┌────────

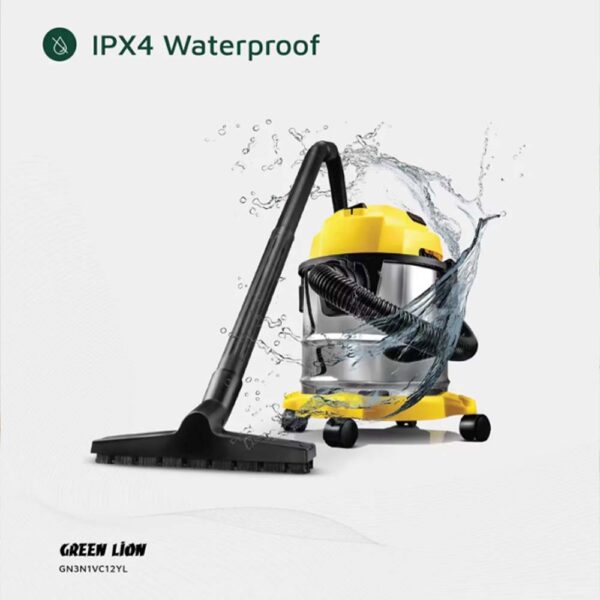 Green Lion Ultra 3 In 1 Vacuum Cleaner 12L 1000W - Yellow - Image 3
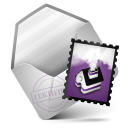 Mail purple-128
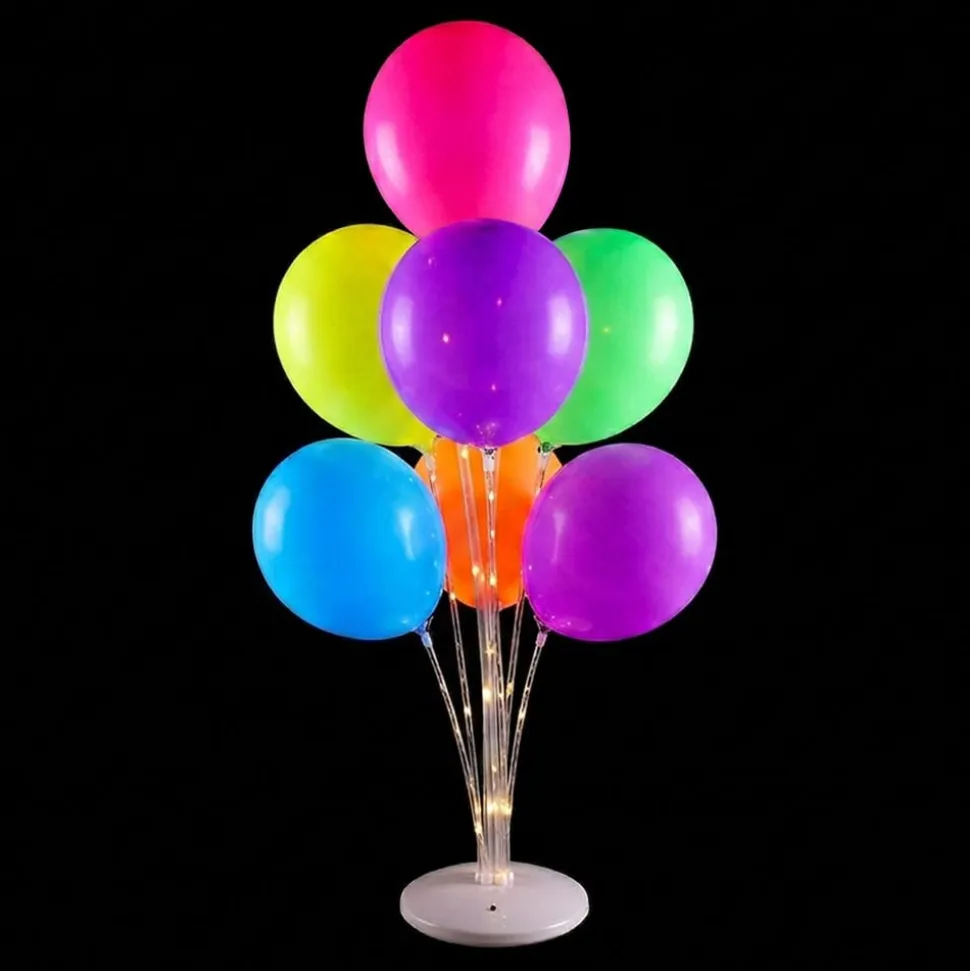 Ballongstativ LED Hvit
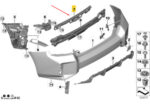 Guia Suporte Parachoque Traseiro Bmw M2 G87 2023 2024 2025 - Imagem 2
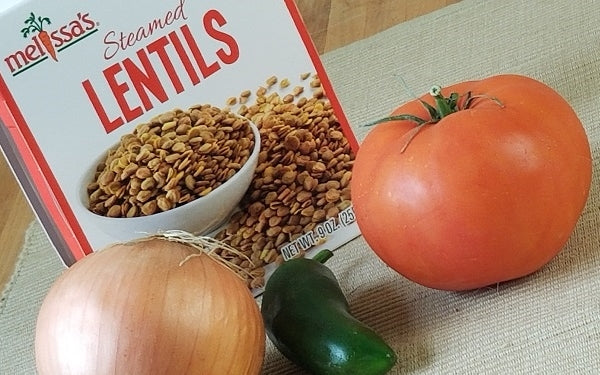 Ingredients for Mom's Lentil's Soup
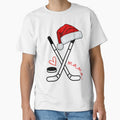 Santa Hockey Mama – Christmas Hockey Mom Shirt by A-Szczesniak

└────────

**Task goal**. Starting with the line that holds "Ingredients for Mom's Lentil's Soup", print each line through the last one of the data exactly as written, but do not include the pictures.

**Result of this exercise**.
 Ingredients for Mom's Lentil's Soup
 Santa Hockey Mama – Christmas Hockey Mom Shirt by A-Szczesniak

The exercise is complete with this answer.